Can you be liable if someone injures themselves whilst swimming in your pool - Do you owe a duty of care to yourself?

You need to appreciate that as an adult you have a duty of care to yourself and if you do not act in a careful manner you may have no claim should you be injured due to acting in a manner in which there is a forseeable risk of injury


Okay the sun is out it is a glorious day and everyone has been invited round to your pool party.   What could go wrong, well sadly quite a lot as can be seem from the recent case of Grimes v Hawkins [2011] EWHC 2004 (QB) where the
Defendant owned a house with an indoor swimming pool. On 04.08.06, he went away for the night, leaving his 18-year-old daughter Kylie at home having agreed that  two friends could stay with her that night . In fact, after an evening in a nearby pub, some 20 young people including the Claimant arrived around midnight, having (as the Judge found) been expressly or impliedly invited by Kylie. Kylie gave the Claimant a swimming costumes to the Claimant and some other visitors.

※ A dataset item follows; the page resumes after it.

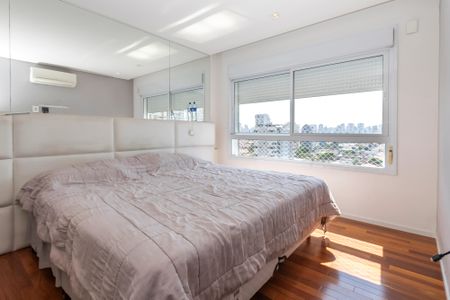 Apartamento à venda com 225m², 4 quartos e 4 vagasSuíte 1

The pool measured some 30 x 15 feet with a minimum depth of 34.6 in and maximum depth of 67.7 in. There were no  warning signs or depth markers and several people jumped into the pool and began, "bombing" others.  The Claimant jumped in and spent around 30 minutes in the pool, swimming around and chatting while standing in the shallow end. She then dived into the centre of the pool, hit the floor and sustained serious injuries and was eventually diagosed as  tetraplegic.

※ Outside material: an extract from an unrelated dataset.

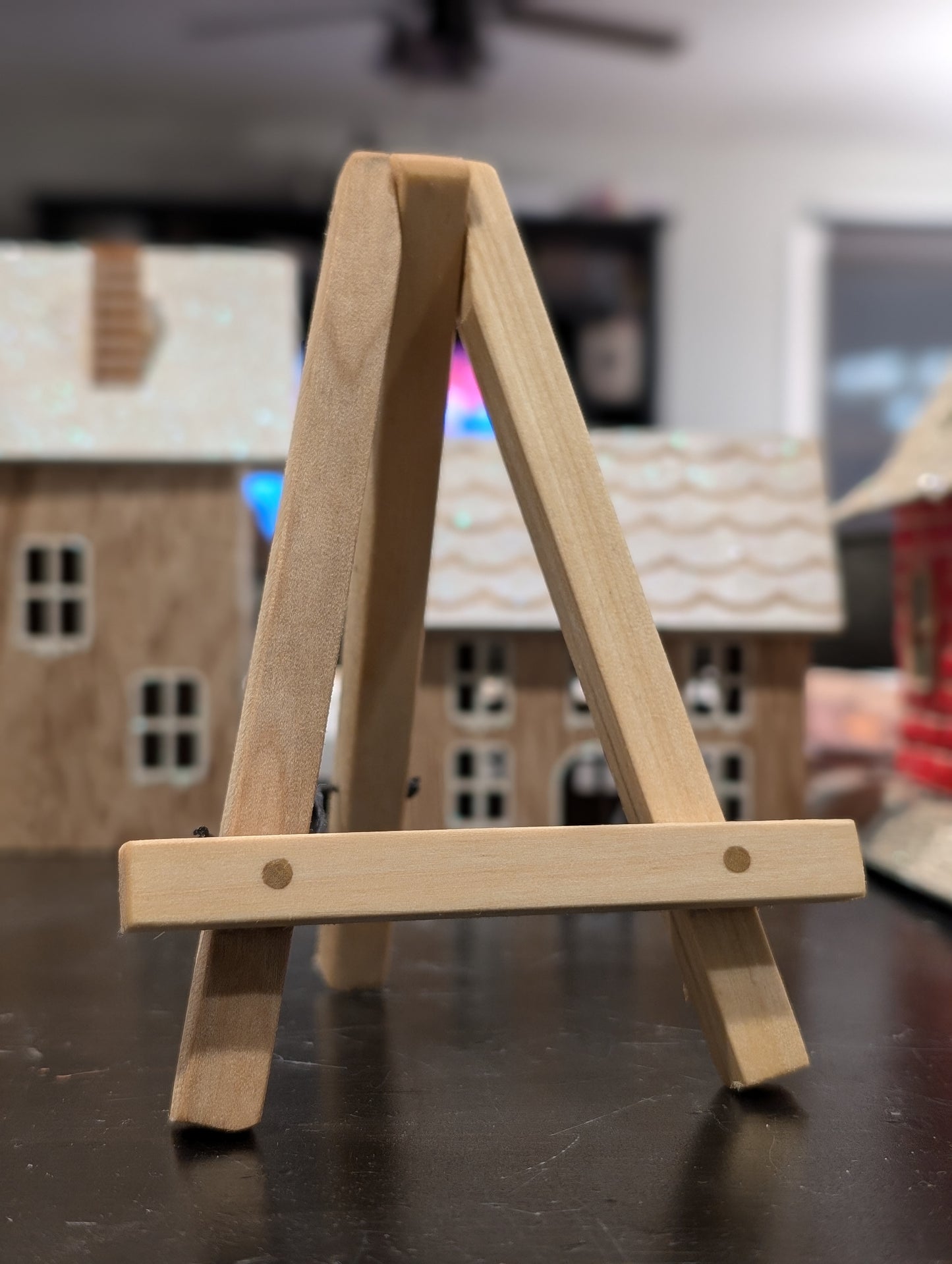 Beezer's Easel - Display Stand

The Claimant claimed that the Defendant was negligent and in breach of his duty under the Occupiers’ Liability Act because the pool was unsafe for diving so should have been locked to prevent access or alternatively, the Defendant, through his daughter K, ought to have issued an appropriate warning or forbidden diving.

The Judge held that the Claimant had been allowed to use the pool so, as a lawful visitor, and the Judge agreed that indeed the Defendant had owed her a common law duty of care while she was using the pool however he found that the pool was not unsafe for diving. Though, some people may have   refused permission for the swimming pool to be used, this did not mean that a duty under the Occupiers Liability Act 1957 was owed to the Claimant and that Defendant should have made the  pool inaccessible.

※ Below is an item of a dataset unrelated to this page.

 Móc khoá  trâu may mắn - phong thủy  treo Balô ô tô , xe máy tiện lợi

The Judge said that  adults  made a choice about their behaviour and exercised that choice.    A householder with a private swimming pool should not have to prohibit adults from diving into an ordinary pool whose dimensions and contours could  clearly be seen.    The Judge qualified this statement by saying that it might be a different case where there was some hidden or unexpected hazard but in this instance there was none.

The Claimant was an adult and had done something that carried an obvious risk. She had chosen to dive when, where and how she did, knowing the risks involved. It would not have been fair, just or reasonable to have imposed a duty of care which required the Defendant to put the pool out of bounds or to have prohibited adults from diving into the pool.